*** Opening of Data under study ***
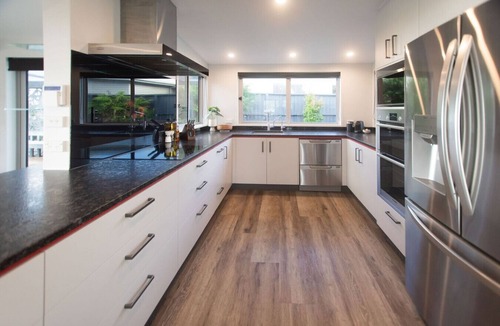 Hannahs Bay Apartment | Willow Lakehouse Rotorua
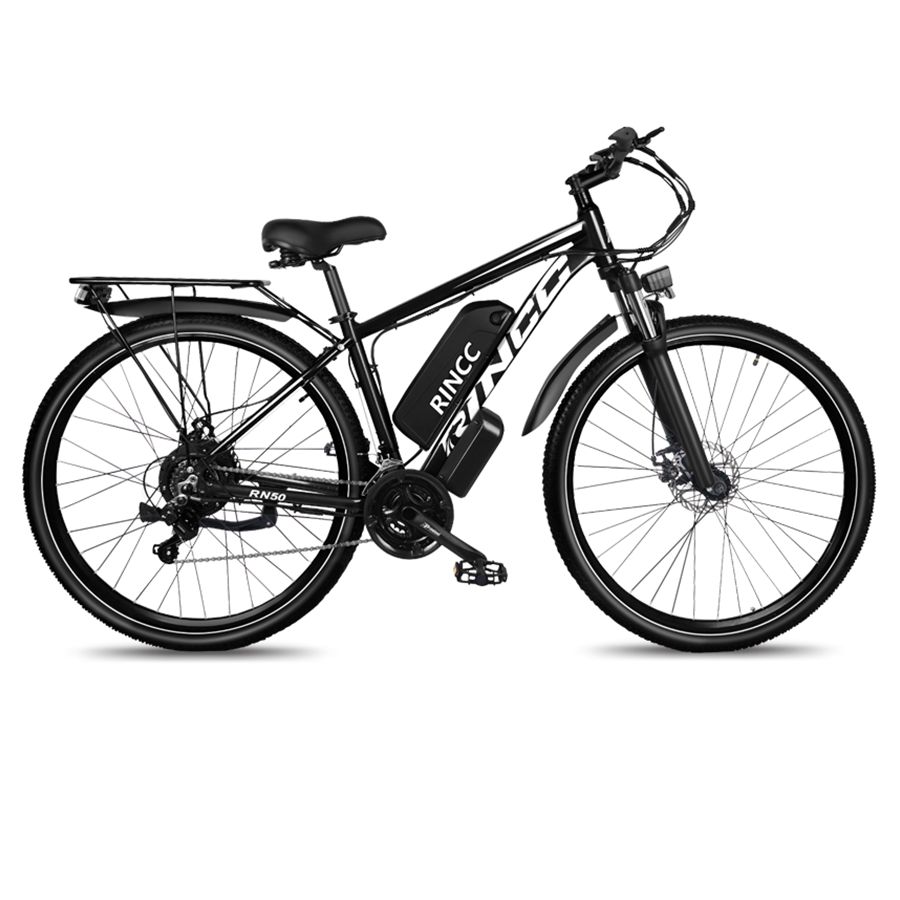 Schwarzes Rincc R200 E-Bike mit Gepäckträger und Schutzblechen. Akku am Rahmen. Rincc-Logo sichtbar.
*** Close of Data under study ***
*** Opening of Data under study ***
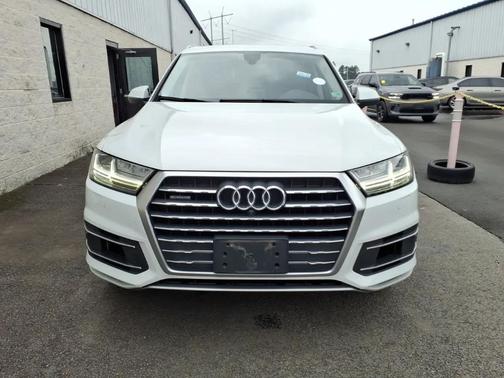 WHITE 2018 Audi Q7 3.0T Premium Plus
*** Close of Data under study ***
*** Opening of Data under study ***
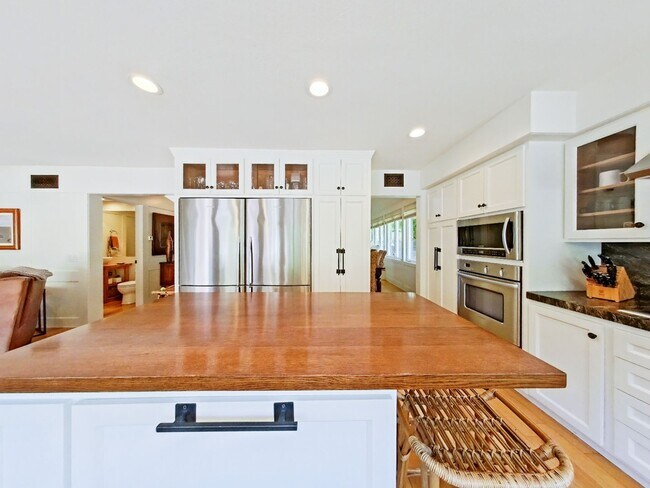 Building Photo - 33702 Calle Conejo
*** Close of Data under study ***
*What you should do:* With the pictures omitted, print the lines above exactly, beginning at the line with "Hannahs Bay Apartment" and going on through the line with "Schwarzes Rincc R200".

*Output below:*
 Hannahs Bay Apartment | Willow Lakehouse Rotorua
 Schwarzes Rincc R200 E-Bike mit Gepäckträger und Schutzblechen. Akku am Rahmen. Rincc-Logo sichtbar.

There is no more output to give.